# EXERCISE OBJECTIVE
Copy the listing below exactly, but skip the pictures.

# SOURCE MATERIAL
<<<<
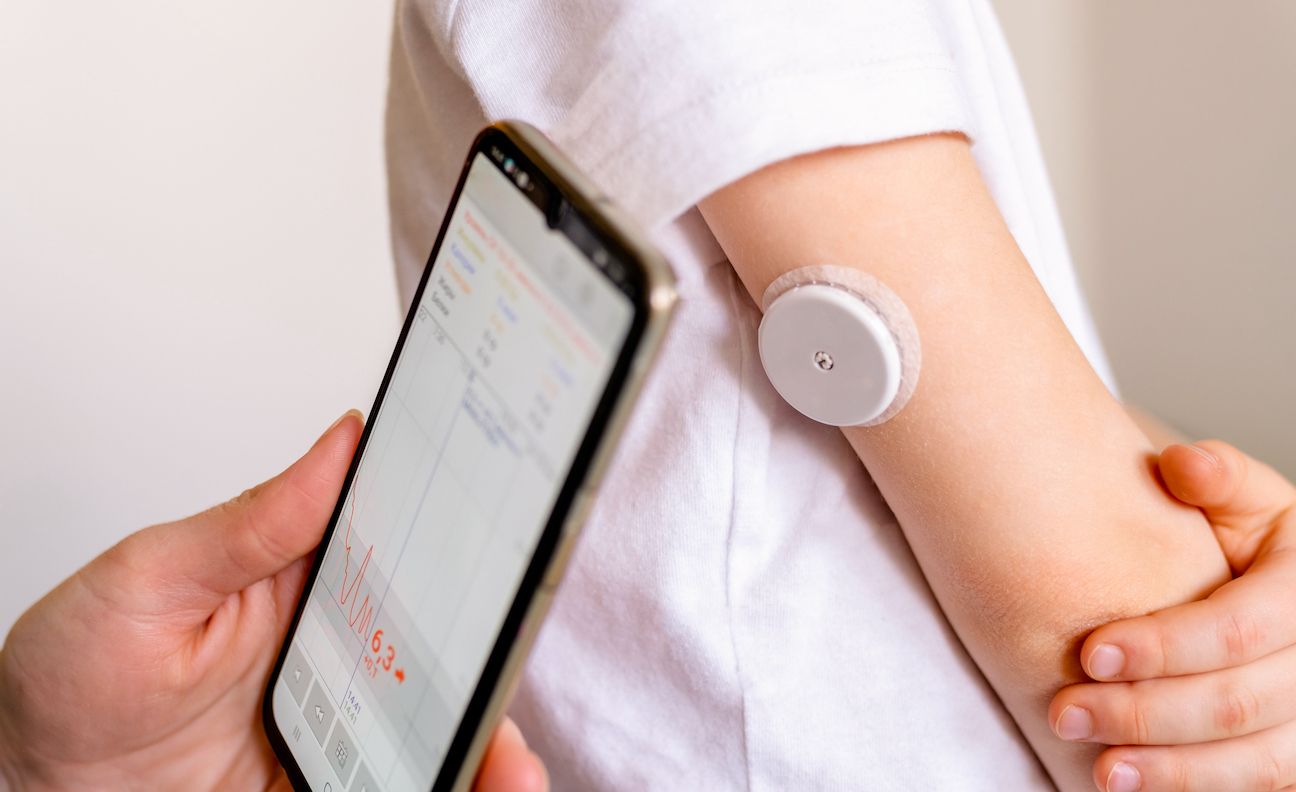 A continuous glucose monitor (CGM) is a wearable sensor and transmitter that tracks blood sugar every few minutes throughout the day and night.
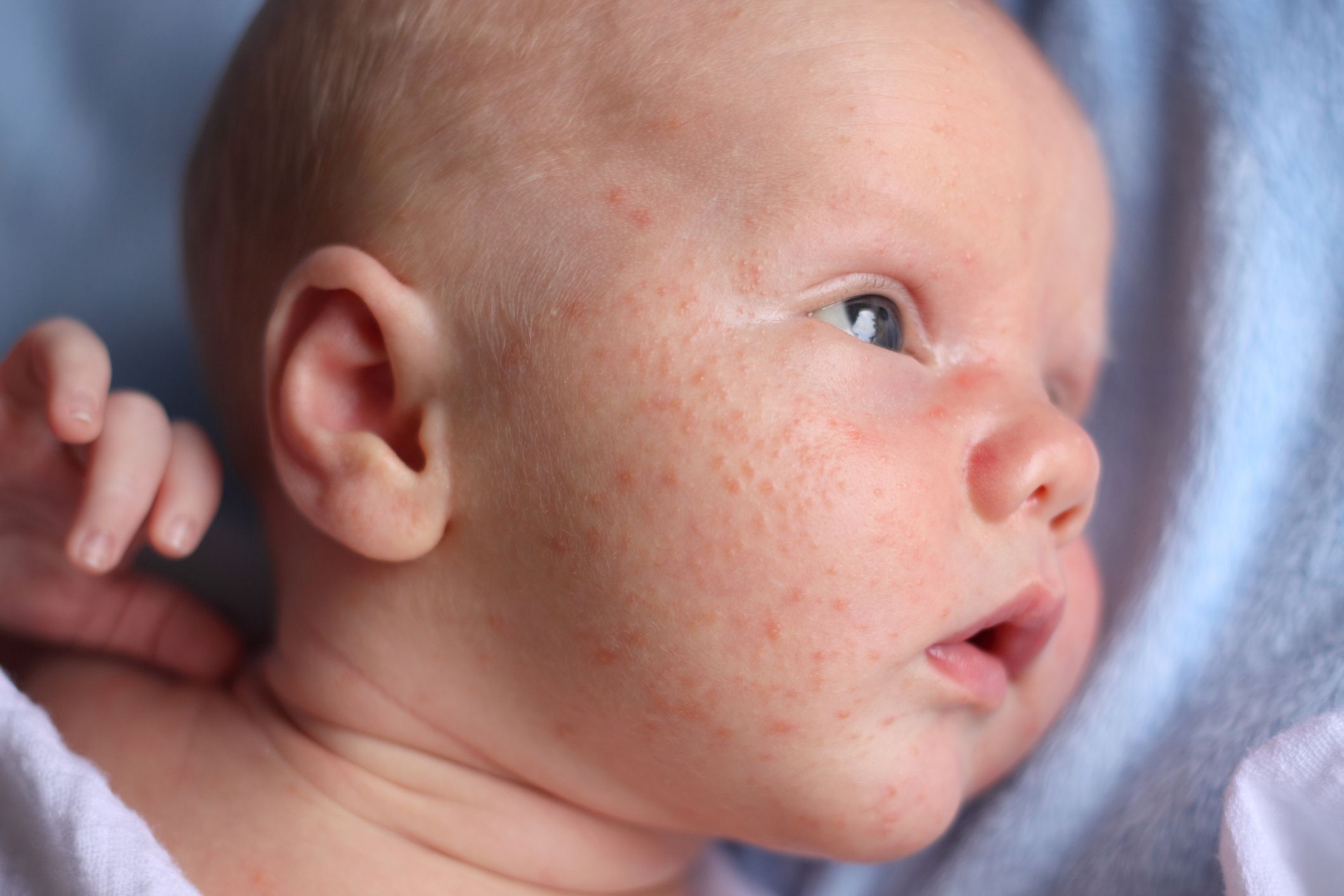 Прыщики на лице у новорожденного в 1 месяц: мелкие, красные на голове, щечках и лбу, а также белые и гнойнички
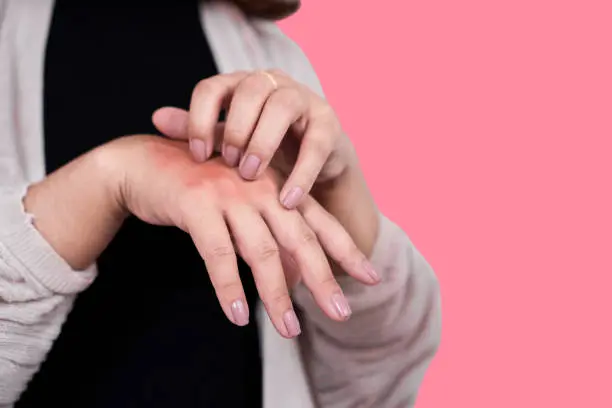 The effect of dish soap on hands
>>>>
# SOLUTION FOR THIS PROBLEM
 A continuous glucose monitor (CGM) is a wearable sensor and transmitter that tracks blood sugar every few minutes throughout the day and night.
 Прыщики на лице у новорожденного в 1 месяц: мелкие, красные на голове, щечках и лбу, а также белые и гнойнички
 The effect of dish soap on hands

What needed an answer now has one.